His forty-four-year reign was one of great contrasts, the early pro-active bold rule, the middle period that constituted one of the highest peaks of Chinese civilisation, and the final period of quite sudden decline, that wrecked T’ang China, and robbed it forever of its solid cohesion and self-confidence. It has been widely and convincingly held that his personal relationship with Yang Jade-bangle was at the root of the empire’s collapse. For his romance with her, and for his presiding over China’s supreme age of poetry, however, he is one of China’s most celebrated emperors, surely the most famous of all.
Pai Chü-yi 白居易 (772 - 846) wrote the most famous poem on the romance. Since, for one obvious reason, Pai was living under a T’ang emperor, it wouldn’t have been politic or permissible for him to use the term “T’ang emperor”, and, for another reason, if only an incidental one of the prime restriction, the distance in putative time no doubt allowed him greater creative relaxation, and he calls the emperor “Han emperor”. Everyone who heard or r
ead the poem in his days, though, would have immediately known whom he was talking about.
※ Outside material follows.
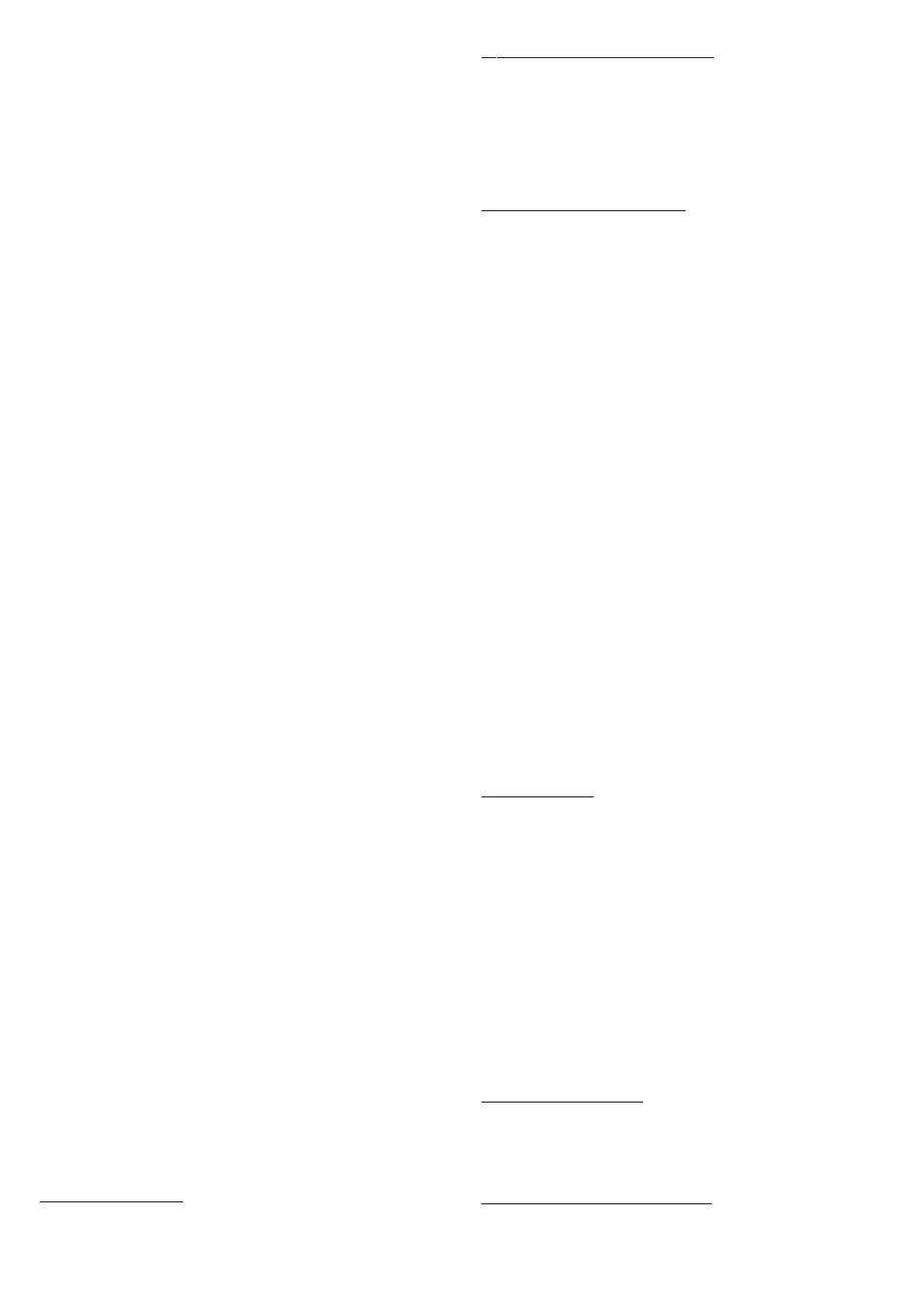 Bosch MUM 6630 UC User Manual | Page 6 / 31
15 nien-hao 年號. This is an unsatisfactory equivalent of the term, which in early Chinese dynasties often designated only part of an emperor’s reign. An emperor could have one, two or more “reign-periods” during his reign.
16 T’ien-pao 天寶, Heaven-treasure, the name of a reign-period, 742 - 756.
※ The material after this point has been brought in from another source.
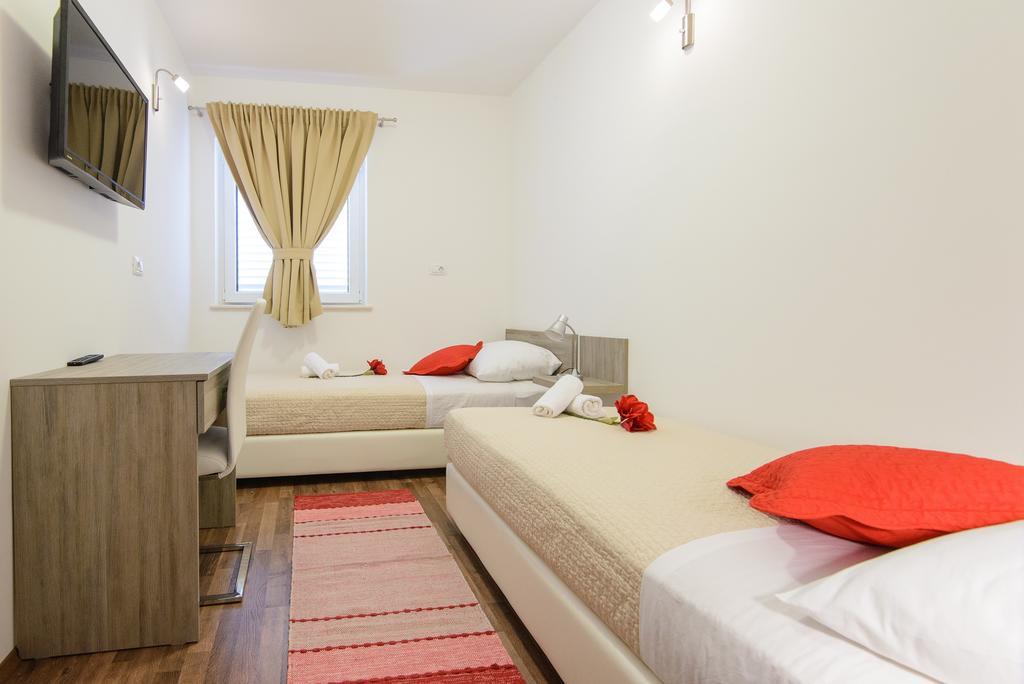 Apartment Violeta 1 With Private Terrace Dubrovnik Bilik gambar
17Fei-tzu 妃子, emperor’s female spouse, empress. This term, or more commonly Most-prized-empress (Kui-fei 貴妃, refers to Most-prized-empress Yang (Yang Kui-fei 楊貴妃), also called Empreror’s-spouse Yang (Yang Fei 楊妃), i.e. Yang Grand-truth (Yang T’ai-chen 楊太真, whose personal name (hsiao-tzu 小字 or ming 名) was Jade-bangle (Yü-huan 玉環). Of exceptional beauty and alert intelligence, a musical expert, and excelling at dancing, she first became the fei 妃, “(principal) queen/principal wife” of Longevity Prince Mao (Shou-wang Mao 壽王瑁), the eighteenth son of Emperor Dark-progenitor (Hsȕan-tsung 玄宗, reigned 712-756). Emperor Dark-progenitor later summoned her into his palace as a “lady mandarin” (nü-kuan 女官), giving her the title or cognomen Grand-truth (T’ai-chen 太真). Then he took her as his own wife, showing her great favours, and advancing her officially to be his Kui-fei 貴妃, “Most-prized-empress”. She is most often referred to later as Most-prized-empress (Yang Kui-fei).
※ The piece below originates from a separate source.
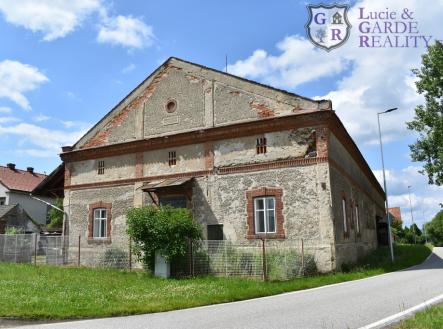 Prodej - dům/vila, 175 m² obrázek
When An Lu-shan 安祿山 (AD - AD 757) rebelled in AD 754, Emperor Dark-progenitor fled to the safety of the Szechwan region, Shu 蜀. But after only a little of the journey thither, when they reached Ma Wei’s Posting-station (Ma-wei-yi 馬嵬驛), the imperial army escorting him mutinied, refusing to go any further, and declaring that Most-prized-empress Yang’s cousin Yang Kuo-chung 楊國忠, who had taken advantage of his relationship with her to achieve the main governmental power, was primarily to blame for the rebellion. So the Emperor was forced to grant them the execution of Yang Kuo-chung, and to “bestow death upon” Most-prized-empress Yang to allow her to commit suicide. Among many other things, Most-prized-empress Yang was famed for her dancing of the Rainbow-skirt and feather-jacket (Ni-ch’ang yü-yi 霓裳羽衣) dance.